Мы звоним. Дверь открывает медсестра в белом халате. Мы оба жутко смущены и с красными мордами заходим в приемную. Слава богу, больше никого нет. На столе кипа номеров «Недели». Мы листаем. Довольно старые. Там еще только Брестский мир.
Выходит врач. У него блестят очки. Дверь в кабинет он оставил приоткрытой. Видно кожаное кресло на никелированных трубках, удручающе практичное и стыдное.
Странно, многие врачи обожают обращаться с пациентами как с маленькими детьми. Дантистов специально учат, но, похоже, у этих тоже так.
– Ну, господин Брайер, – игриво начинает очковая змея, – нам нужно с вами немножко подружиться.
Людвиг стоит как привидение, потом с трудом сглатывает.
– А анализ?..
– Да-да, анализ крови готов. Положительный. Сейчас мы этой нечисти как следует прищемим хвост.
– Положительный, – бормочет Людвиг. – Это значит…
– Да, – говорит врач. – Нужно пройти небольшой курс лечения.
– Это значит, что у меня сифилис?
– Да.
Летающий по комнате шмель бьется о стекло. Время останавливается. Студенистый воздух оползает по стенам. Мир изменился. Жуткий страх уступил место жуткой уверенности.
– А это не может быть ошибкой? – спрашивает Людвиг. – Может, сделать повторный анализ?
Врач качает головой.
– Лучше поскорее приступить к лечению. Вторая стадия.
Людвиг сглатывает.
– Это лечится?
Врач оживляется. Лицо его прямо-таки лучится открытостью.
– Ну разумеется. Сначала полгодика поколем вот эту ампулку. А там посмотрим. Может, больше ничего и не потребуется. Люэс сегодня лечится.
Люэс – какое мерзкое слово. Звучит как тонкая черная змея.
– С фронта привезли? – спрашивает врач.
Людвиг кивает.
– Почему не сразу принялись лечить?
– Я не знал, что это. Нам раньше не рассказывали. А вылезло намного позже. Сначала вроде ничего особенного.

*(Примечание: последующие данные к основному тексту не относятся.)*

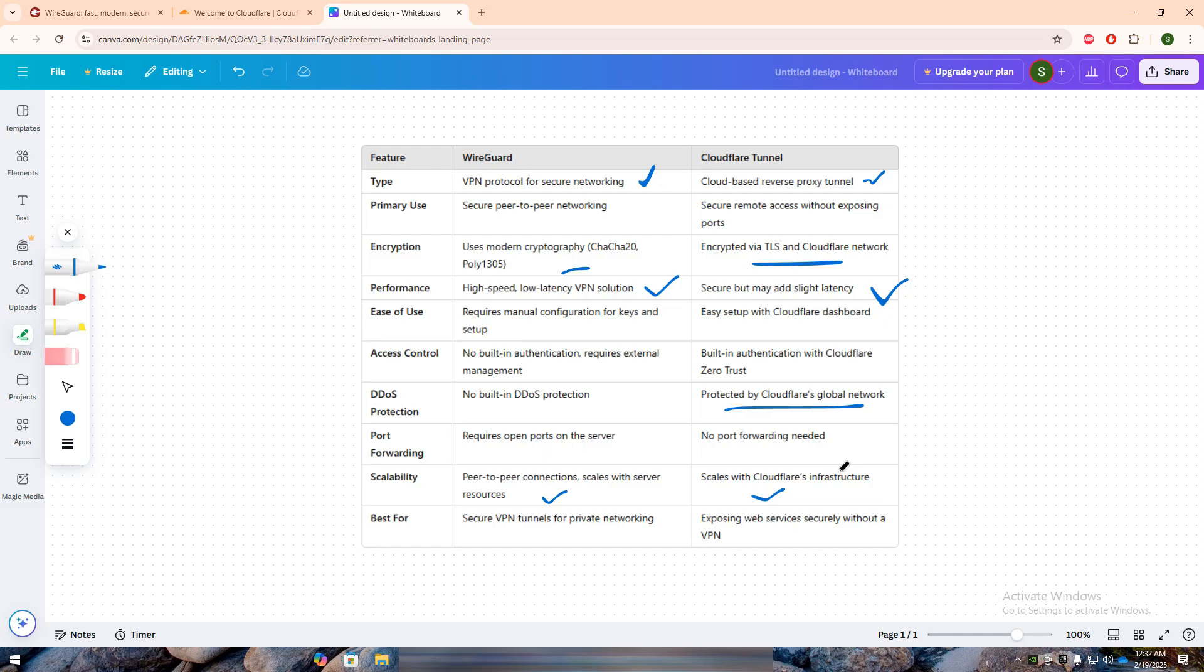If you need a high-performance VPN for secure, private networking, WireGuard is the best choice. If you want a secure way to expose web applications without opening ports, Cloudflare Tunnel is the better option.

А потом само прошло.
Врач качает головой.
– Да, оборотная сторона медали, – говорит он как ни в чем не бывало.
Больше всего мне хочется трахнуть его стулом по голове. Разве он знает, как это, когда получаешь три дня увольнения в Брюссель и из воронок, блевотины, грязи, крови приезжаешь вечерним поездом в город, где улицы, фонари, свет, магазины, женщины, настоящие гостиничные номера и белые ванны, где можно плескаться и содрать с себя всю грязь, тихая музыка, терраса, прохладное тяжелое вино! Что он знает о волшебстве голубой сумеречной дымки в короткий момент между серым и серым! Это как щель между облаками, как дикий вопль жизни в мимолетной паузе между смертью и смертью. Как знать, может, через пару дней ты повиснешь на проволоке с раздробленными костями и будешь реветь от боли и жажды, а потом подохнешь… Еще глоток тяжелого вина, еще вздох, еще взгляд на этот нереальный мир скользящих красок, грез, женщин, волнующего шепота, слов, от которых черным фонтаном закипает кровь, от которых тают годы грязи, бешенства и безнадеги, превращаясь в сладкий, мелодичный хоровод воспоминаний и надежд. Завтра опять налетит смерть – с орудиями, гранатами, огнеметами, кровью, гибелью; но сегодня гладкая кожа, она благоухает, зовет, как сама жизнь, она невыразимо желанна, беспокойные тени на затылке, нежные руки, шелест, сверкание, все рушится, бушует многоводным потоком, небо пылает… Кто в этот момент подумает о том, что в шепоте, коже, локонах, благоухании, крадучись, приблизилось, притаилось, пригрелось еще кое-что – люэс, кто об этом догадывается, кто хочет об этом догадываться, кто вообще думает дальше, чем про сегодня; может, завтра всему конец. Чертова война, она научила нас видеть и брать только «сейчас».